Another contender in the race for the Academy Award for Best Picture is the hard hitting and controversial film Spotlight. Oscar bait movies tend to be a tad more challenging, thought provoking or shocking than the average release. Spotlight goes right for the jugular, telling the story of the journalists at the Boston Globe who exposed the massive cover-up of child molestation in the Catholic Church – subject matter not for the faint hearted, but a truly powerful and engaging film with a plot that needed to be told.
When Marty Baron (Liev Shreiber) takes over, as Editor at the Boston Globe his first act is to examine a story seemingly buried over decades. He enlists his investigative team ‘Spotlight’ to look into the many unresolved or ignored cases and reports of priests performing sex acts on children and getting away with it. The Spotlight team, headed by Walter ‘Robbie’ Robinson (Michael Keaton) agree to look into it further.
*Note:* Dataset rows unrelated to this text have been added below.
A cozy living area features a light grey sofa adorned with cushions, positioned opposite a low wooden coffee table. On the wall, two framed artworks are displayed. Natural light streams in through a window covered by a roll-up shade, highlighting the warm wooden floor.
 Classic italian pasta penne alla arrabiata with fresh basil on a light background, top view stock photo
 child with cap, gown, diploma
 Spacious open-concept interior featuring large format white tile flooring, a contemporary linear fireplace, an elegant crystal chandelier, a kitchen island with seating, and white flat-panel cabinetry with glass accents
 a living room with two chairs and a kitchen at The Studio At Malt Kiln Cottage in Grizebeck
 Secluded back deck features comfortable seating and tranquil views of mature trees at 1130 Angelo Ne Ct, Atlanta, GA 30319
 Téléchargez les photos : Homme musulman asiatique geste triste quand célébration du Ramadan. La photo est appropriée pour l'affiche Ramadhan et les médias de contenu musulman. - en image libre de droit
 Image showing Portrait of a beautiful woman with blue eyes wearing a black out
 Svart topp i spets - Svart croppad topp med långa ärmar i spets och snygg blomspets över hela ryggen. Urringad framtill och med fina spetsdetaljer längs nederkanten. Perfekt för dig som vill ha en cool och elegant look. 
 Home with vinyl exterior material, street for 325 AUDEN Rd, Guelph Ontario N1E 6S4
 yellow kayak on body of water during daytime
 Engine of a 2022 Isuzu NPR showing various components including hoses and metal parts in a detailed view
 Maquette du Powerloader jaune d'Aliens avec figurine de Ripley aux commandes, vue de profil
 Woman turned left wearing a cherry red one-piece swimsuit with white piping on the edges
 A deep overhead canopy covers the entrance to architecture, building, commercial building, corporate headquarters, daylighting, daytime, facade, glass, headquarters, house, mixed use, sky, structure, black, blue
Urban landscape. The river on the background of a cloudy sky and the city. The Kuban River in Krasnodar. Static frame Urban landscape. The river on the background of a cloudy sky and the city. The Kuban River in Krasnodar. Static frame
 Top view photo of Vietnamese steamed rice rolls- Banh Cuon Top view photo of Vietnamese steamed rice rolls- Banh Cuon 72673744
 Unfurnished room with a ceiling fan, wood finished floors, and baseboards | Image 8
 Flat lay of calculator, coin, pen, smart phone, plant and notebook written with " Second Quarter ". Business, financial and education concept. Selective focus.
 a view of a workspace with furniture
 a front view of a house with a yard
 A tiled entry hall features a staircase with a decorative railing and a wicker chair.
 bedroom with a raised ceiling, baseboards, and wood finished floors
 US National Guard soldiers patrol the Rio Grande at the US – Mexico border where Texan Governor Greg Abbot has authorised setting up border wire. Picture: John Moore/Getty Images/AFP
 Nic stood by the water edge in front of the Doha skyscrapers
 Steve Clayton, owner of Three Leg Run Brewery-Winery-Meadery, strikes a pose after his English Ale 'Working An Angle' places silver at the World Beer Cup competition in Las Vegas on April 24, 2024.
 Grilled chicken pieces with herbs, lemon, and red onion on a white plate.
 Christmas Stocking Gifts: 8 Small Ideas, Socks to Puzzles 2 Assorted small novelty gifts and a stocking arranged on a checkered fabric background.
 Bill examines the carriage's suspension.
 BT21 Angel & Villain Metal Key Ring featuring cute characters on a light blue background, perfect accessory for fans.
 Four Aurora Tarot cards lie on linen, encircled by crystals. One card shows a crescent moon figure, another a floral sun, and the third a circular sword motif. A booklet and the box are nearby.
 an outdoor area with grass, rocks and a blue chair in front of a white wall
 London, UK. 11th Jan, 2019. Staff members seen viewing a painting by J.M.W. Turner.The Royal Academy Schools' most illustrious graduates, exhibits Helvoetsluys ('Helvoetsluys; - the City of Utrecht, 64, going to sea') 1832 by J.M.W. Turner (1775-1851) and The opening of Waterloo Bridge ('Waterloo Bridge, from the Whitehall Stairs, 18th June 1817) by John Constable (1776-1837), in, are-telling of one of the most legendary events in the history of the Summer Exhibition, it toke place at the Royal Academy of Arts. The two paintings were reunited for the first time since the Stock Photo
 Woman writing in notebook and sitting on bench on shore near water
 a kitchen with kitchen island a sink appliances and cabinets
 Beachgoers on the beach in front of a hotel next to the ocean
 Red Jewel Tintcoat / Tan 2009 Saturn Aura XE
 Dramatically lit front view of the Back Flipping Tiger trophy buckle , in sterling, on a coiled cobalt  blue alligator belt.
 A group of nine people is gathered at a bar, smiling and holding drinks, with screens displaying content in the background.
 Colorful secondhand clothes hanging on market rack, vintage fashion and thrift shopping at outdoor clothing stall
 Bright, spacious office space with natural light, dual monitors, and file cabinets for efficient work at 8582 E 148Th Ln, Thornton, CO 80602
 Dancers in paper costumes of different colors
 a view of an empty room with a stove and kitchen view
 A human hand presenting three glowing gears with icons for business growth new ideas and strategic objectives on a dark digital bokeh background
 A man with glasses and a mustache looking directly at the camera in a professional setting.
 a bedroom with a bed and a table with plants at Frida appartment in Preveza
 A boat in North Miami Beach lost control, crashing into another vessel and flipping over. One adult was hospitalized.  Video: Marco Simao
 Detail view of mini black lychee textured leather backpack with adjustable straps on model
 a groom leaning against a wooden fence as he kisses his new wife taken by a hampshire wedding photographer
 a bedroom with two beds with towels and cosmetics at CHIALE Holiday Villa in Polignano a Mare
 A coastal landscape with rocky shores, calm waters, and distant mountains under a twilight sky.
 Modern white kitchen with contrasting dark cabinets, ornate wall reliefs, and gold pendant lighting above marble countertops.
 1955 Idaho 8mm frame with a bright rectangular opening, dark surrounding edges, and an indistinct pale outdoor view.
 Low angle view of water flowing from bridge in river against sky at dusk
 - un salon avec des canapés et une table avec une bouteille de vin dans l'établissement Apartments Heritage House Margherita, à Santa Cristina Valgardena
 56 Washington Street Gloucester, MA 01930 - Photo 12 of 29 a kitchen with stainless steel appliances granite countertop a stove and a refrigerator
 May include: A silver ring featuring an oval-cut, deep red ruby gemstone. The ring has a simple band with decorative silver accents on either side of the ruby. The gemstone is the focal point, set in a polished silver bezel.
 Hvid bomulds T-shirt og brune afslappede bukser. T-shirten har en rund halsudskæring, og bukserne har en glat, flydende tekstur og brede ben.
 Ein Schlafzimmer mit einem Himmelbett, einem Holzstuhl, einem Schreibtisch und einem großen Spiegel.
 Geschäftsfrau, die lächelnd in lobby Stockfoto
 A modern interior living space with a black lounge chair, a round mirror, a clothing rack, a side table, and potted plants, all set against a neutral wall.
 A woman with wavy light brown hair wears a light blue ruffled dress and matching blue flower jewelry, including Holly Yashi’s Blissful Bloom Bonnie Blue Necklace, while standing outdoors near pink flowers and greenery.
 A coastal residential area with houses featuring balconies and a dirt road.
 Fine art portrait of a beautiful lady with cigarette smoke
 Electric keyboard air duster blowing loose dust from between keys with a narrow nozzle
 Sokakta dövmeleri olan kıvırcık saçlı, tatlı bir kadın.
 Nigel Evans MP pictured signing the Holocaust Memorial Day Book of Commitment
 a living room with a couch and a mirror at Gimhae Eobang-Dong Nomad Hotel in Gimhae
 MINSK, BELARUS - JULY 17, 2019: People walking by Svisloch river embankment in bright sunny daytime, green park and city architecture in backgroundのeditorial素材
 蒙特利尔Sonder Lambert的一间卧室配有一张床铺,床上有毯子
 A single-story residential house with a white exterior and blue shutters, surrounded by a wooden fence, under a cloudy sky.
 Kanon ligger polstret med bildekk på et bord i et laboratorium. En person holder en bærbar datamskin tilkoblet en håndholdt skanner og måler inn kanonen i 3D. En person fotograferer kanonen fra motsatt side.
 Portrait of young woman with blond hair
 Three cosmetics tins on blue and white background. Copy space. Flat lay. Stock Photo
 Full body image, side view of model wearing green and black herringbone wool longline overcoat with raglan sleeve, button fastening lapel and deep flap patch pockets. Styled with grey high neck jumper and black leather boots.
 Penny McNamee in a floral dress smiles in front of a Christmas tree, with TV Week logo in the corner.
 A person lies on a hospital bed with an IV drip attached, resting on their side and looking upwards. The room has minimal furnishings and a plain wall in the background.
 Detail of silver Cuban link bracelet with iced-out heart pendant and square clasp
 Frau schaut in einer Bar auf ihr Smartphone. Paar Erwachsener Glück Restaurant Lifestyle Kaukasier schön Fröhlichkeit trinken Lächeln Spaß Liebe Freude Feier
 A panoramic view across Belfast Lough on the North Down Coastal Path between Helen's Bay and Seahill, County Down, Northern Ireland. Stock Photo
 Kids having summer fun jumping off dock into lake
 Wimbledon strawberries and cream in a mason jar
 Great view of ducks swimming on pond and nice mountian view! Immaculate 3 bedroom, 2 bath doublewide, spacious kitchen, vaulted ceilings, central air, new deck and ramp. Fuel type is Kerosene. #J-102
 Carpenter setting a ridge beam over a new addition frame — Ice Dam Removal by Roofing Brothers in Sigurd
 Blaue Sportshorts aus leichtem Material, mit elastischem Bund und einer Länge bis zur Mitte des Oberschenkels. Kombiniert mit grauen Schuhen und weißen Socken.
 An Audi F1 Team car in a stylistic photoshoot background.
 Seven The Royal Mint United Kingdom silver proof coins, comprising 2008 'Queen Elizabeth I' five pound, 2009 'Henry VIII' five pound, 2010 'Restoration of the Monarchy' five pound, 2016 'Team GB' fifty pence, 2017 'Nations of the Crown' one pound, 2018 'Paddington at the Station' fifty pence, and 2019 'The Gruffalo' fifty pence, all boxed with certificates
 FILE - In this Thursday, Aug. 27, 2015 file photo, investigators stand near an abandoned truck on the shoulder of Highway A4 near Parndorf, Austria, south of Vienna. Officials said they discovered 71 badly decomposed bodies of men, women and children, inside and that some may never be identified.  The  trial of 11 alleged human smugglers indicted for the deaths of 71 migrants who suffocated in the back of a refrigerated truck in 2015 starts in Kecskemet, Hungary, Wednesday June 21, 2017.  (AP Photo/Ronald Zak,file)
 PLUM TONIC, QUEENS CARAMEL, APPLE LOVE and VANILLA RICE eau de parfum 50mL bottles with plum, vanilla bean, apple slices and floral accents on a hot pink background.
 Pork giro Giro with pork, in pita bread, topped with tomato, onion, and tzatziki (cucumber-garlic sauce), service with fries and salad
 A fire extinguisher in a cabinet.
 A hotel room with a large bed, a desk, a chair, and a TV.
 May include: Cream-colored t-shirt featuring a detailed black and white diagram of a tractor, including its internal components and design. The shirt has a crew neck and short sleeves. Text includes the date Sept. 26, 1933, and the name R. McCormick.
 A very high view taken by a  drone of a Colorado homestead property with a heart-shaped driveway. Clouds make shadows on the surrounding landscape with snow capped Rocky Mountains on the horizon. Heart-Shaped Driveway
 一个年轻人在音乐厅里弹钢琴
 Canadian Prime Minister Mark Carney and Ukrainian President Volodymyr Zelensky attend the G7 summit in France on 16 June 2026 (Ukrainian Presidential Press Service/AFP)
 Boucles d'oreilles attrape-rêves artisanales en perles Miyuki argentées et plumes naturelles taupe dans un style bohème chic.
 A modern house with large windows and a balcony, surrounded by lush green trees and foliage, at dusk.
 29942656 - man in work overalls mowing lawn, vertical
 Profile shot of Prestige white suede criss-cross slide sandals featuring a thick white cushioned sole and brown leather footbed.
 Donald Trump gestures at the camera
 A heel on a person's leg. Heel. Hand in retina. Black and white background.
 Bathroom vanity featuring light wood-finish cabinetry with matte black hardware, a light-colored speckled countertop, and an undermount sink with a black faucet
What they uncover is the biggest news story of the modern era, that is until; September 11 2001 terrorist attacks occur and the newsroom erupts into shambles. What remains is the four committed journalists of Spotlight who continue to probe and analyse their evidence of wrongdoing in the church and hope to expose a cabal extending back to the 1960’s and stretching beyond Boston, or even the United States for that matter.
Director Tom McCarthy commands a heavy movie; the tone is morose and dark and is that way the whole way through. It displays the hard work of the Spotlight team (Mark Ruffalo, Rachel McAdams, Brian D’Arcy James) the long-standing voices of those trying to expose the conspiracy and the bravery of the victims and survivors who came forward. As the plot thickens and details unravel the characters learn what we know all too well in 2016; this was a systemic issue stemming all the way back to the Vatican.
It’s not easy to make a film that directly criticises one of the most practiced faith of the Western World, but sometimes the truth hurts. Film is about telling lots of different stories and it is important to tell the true stories to inform the public as well as entertain. Spotlight is not for the faint of heart and it will leave you feeling hollow when the credits roll; either from emotional exhaustion or from stilted rage questing why this happened in the first place. However, Spotlight is essential viewing and a hot contender amongst many stellar films this Oscar season.